→ INPUT DATA:
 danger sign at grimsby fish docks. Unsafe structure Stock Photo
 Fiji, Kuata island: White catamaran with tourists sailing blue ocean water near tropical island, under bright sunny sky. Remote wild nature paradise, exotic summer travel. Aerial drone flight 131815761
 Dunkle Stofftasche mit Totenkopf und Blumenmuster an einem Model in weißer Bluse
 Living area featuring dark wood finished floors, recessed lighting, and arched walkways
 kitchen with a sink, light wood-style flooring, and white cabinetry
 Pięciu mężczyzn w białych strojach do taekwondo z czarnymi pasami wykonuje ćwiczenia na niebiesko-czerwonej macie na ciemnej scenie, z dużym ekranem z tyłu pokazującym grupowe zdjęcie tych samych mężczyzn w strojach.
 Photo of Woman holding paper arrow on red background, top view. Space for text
---
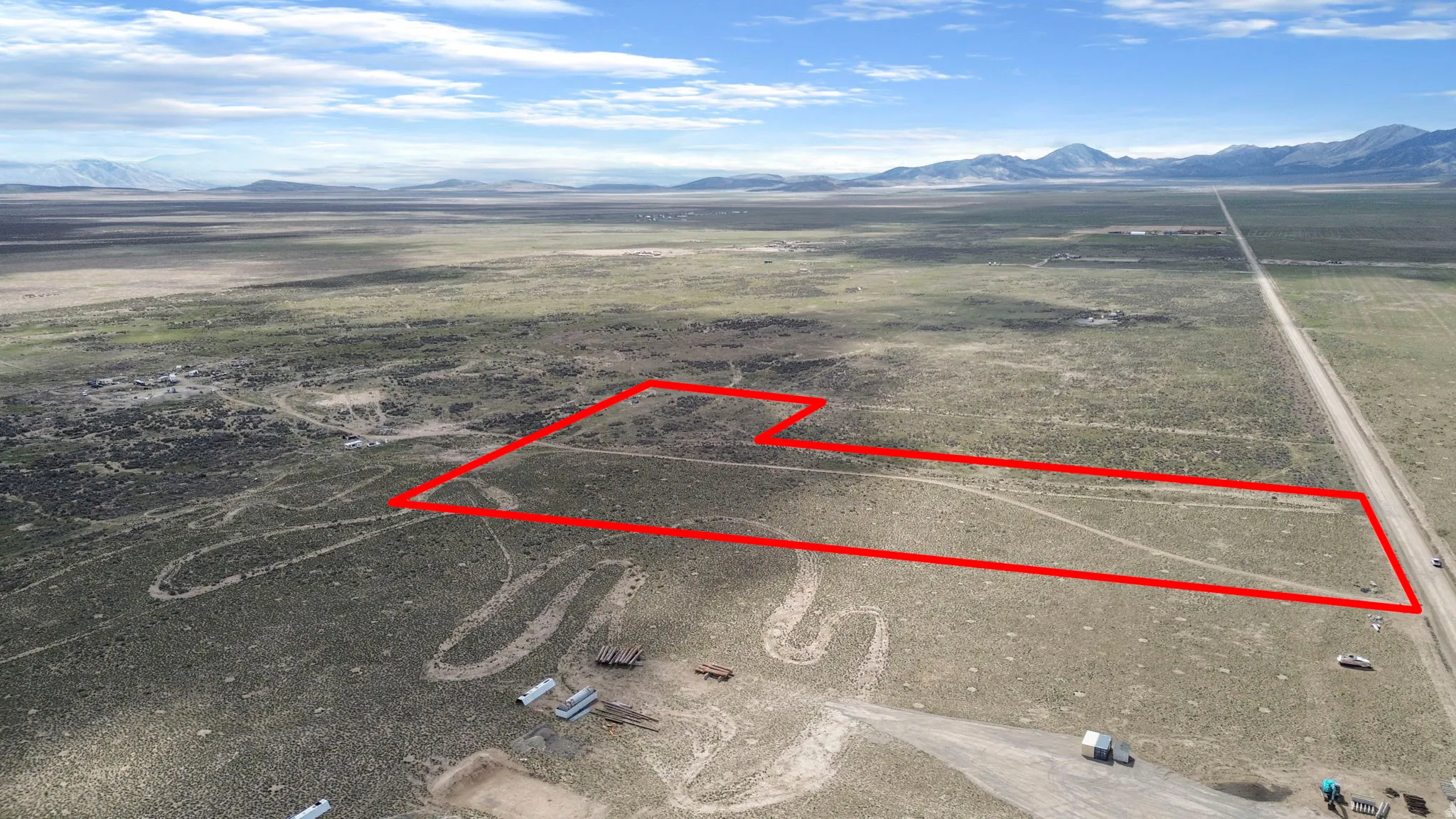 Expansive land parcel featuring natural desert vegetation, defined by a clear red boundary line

→ TRY IT:
Taking the lines above, repeat exactly those from the line that contains "danger sign at" through the line that contains "Photo of Woman", and both of those lines as well. Include nothing else.

→ YOUR SOLUTION:
 danger sign at grimsby fish docks. Unsafe structure Stock Photo
 Fiji, Kuata island: White catamaran with tourists sailing blue ocean water near tropical island, under bright sunny sky. Remote wild nature paradise, exotic summer travel. Aerial drone flight 131815761
 Dunkle Stofftasche mit Totenkopf und Blumenmuster an einem Model in weißer Bluse
 Living area featuring dark wood finished floors, recessed lighting, and arched walkways
 kitchen with a sink, light wood-style flooring, and white cabinetry
 Pięciu mężczyzn w białych strojach do taekwondo z czarnymi pasami wykonuje ćwiczenia na niebiesko-czerwonej macie na ciemnej scenie, z dużym ekranem z tyłu pokazującym grupowe zdjęcie tych samych mężczyzn w strojach.
 Photo of Woman holding paper arrow on red background, top view. Space for text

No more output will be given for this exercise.